- Born: 1842 Germany
- Died: February 20, 1897 Flushing, New York, US
- Allegiance: United States Union;
- Branch: Union Army
- Rank: Sergeant
- Unit: 34th New York Battery
- Conflicts: American Civil War Battle of Spotsylvania Court House;
- Awards: Medal of Honor

= Valentine Rossbach =

American Civil War Medal of Honor recipient

Valentine Rossbach (or Rossback) (1842 – February 20, 1897) was a German-American soldier and member of the 34th New York Battery who fought in the American Civil War and was awarded the Medal of Honor for services in the Battle of Spotsylvania Court House.

==Biography==
Valentine Rossbach was born in 1842 in Germany.

He enlisted in the 34th New York Battery during the American Civil War.

He received the Medal of Honor for heroism at the Battle of Spotsylvania Court House on May 12, 1864.

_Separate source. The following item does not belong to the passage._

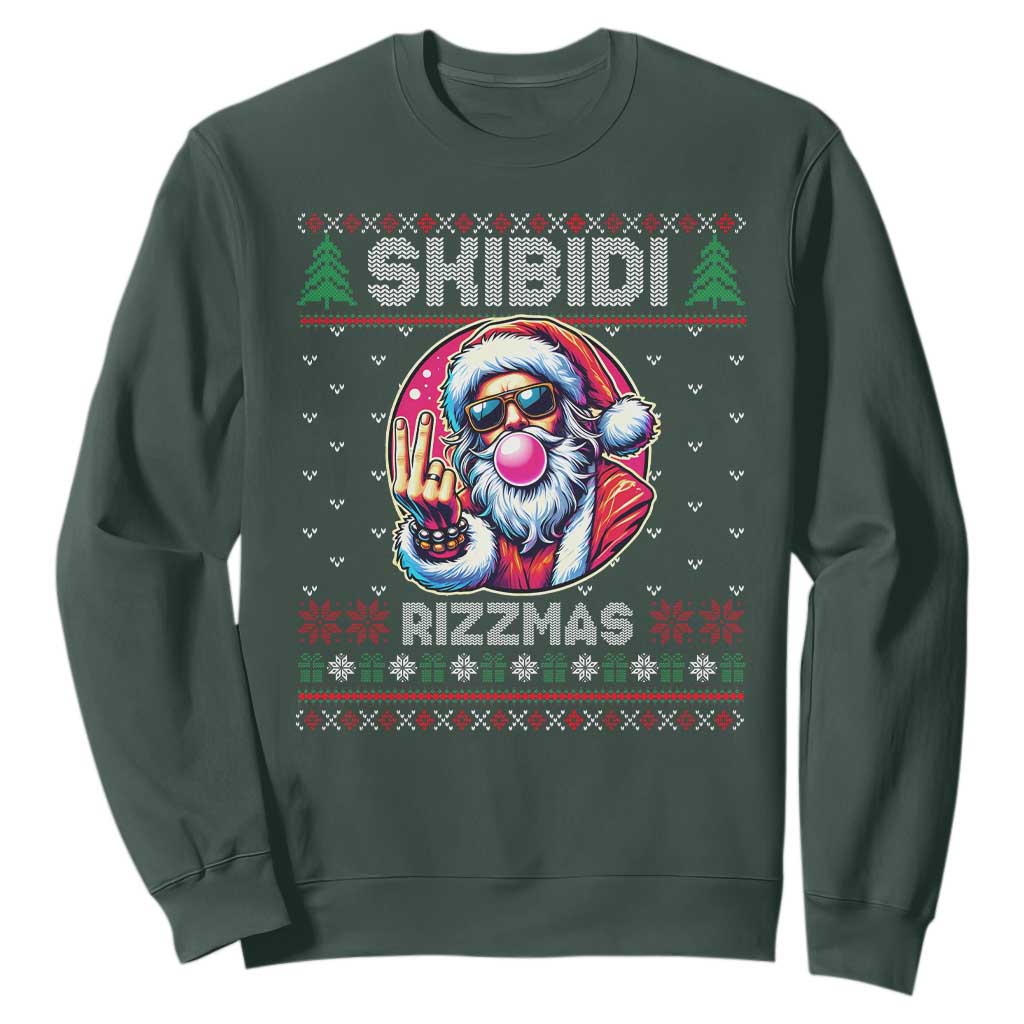 Funny Xmas Sweatshirt Skibidi Rizzmas Santa Bubble Gum TS09 Dark Forest Green Print Your Wear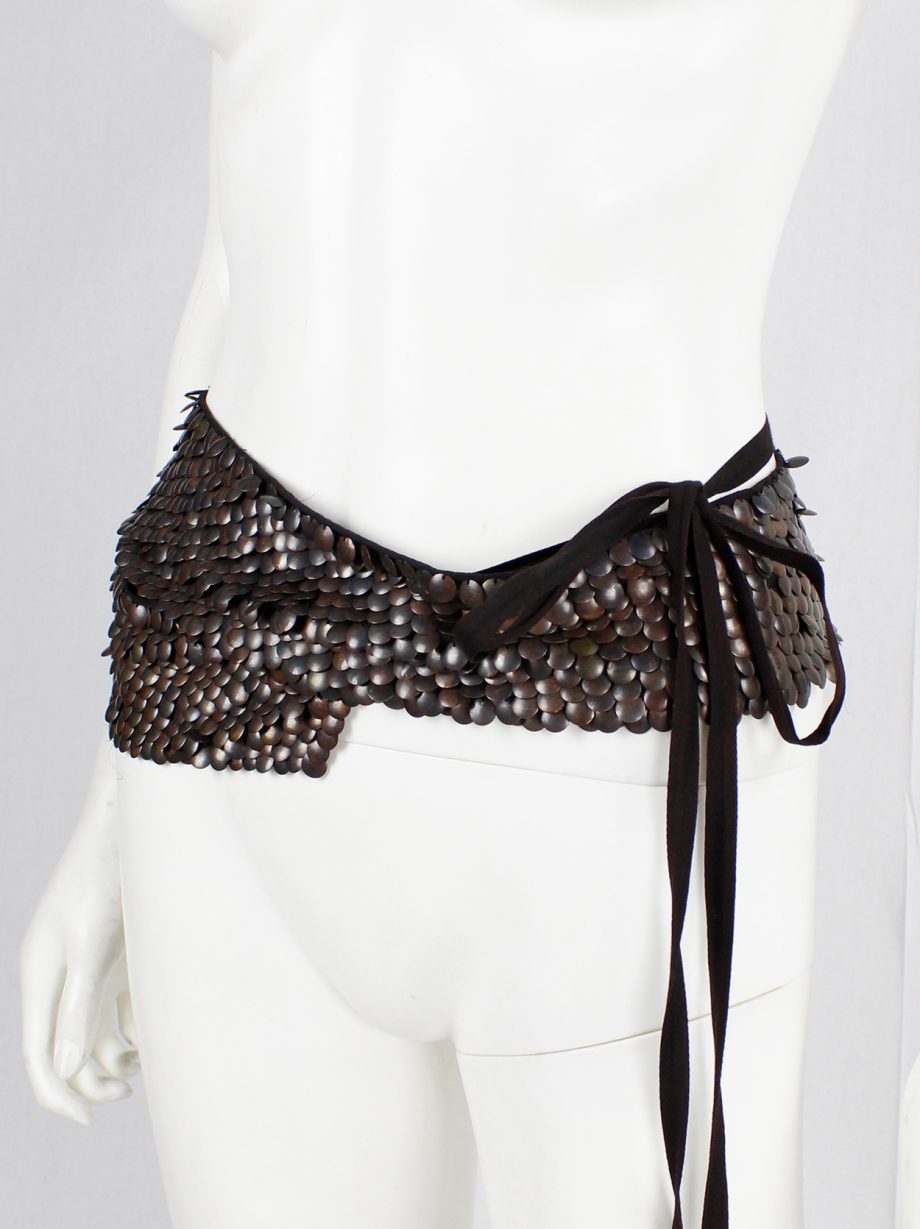 Ann Demeulemeester brown belt embellished with oxidized bronze metal discs fall 2004 (4)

His Medal of Honor citation reads as follows:

for extraordinary heroism on 12 May 1864, while serving with 34th New York Battery, in action at Spotsylvania, Virginia. Sergeant Rossbach encouraged his cannoneers to hold a very dangerous position, and when all depended on several good shots it was from his piece that the most effective were delivered, causing the enemy's fire to cease and thereby relieving the critical position of the Federal troops.

==Death and burial==
Sergeant Rossbach died on February 20, 1897 (aged about 54 or 55) in Flushing, New York. He was interred at Cypress Hills National Cemetery.